[Input]
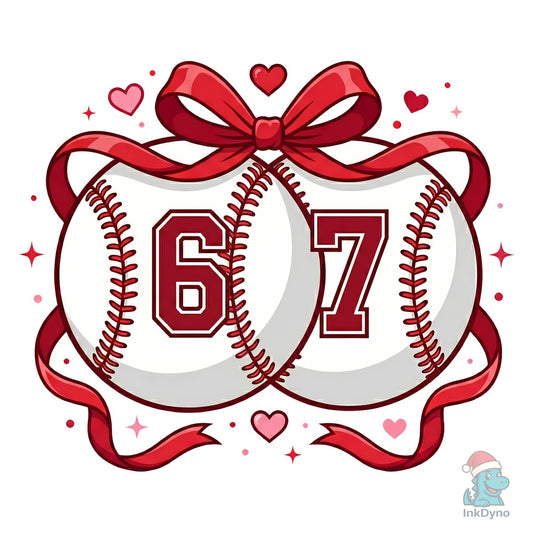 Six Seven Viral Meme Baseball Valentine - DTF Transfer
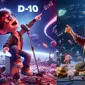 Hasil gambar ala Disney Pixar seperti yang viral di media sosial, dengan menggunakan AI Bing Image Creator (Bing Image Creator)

---

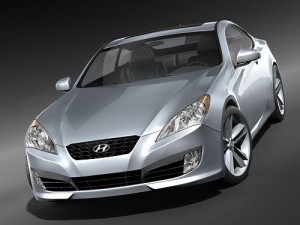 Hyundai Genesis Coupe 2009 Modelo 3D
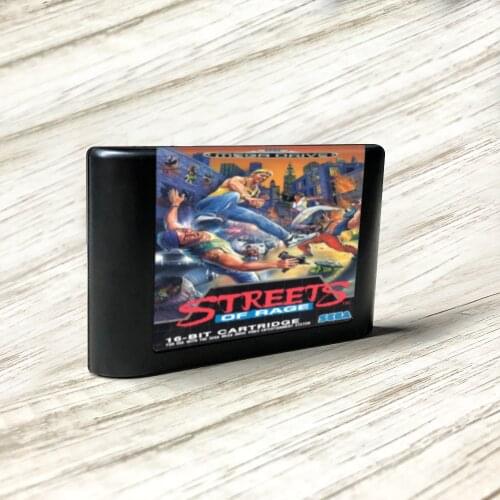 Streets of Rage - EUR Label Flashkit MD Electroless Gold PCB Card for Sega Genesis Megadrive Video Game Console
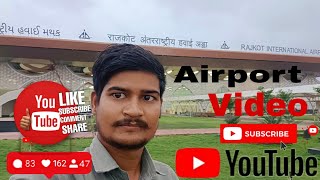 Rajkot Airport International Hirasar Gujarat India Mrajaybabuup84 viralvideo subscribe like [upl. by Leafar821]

---

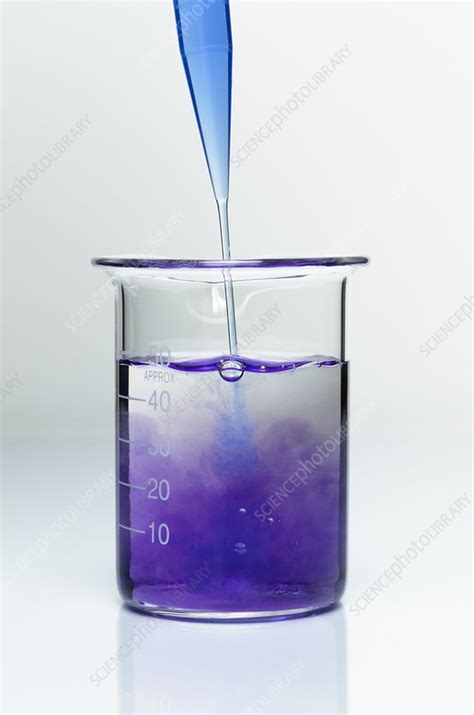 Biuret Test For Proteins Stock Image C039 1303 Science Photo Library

[Exercise brief] Reproduce exactly the lines above that run from the one with "Six Seven Viral" to the one with "Hasil gambar ala", both included, leaving pictures out.

[Answer space]
 Six Seven Viral Meme Baseball Valentine - DTF Transfer
 Hasil gambar ala Disney Pixar seperti yang viral di media sosial, dengan menggunakan AI Bing Image Creator (Bing Image Creator)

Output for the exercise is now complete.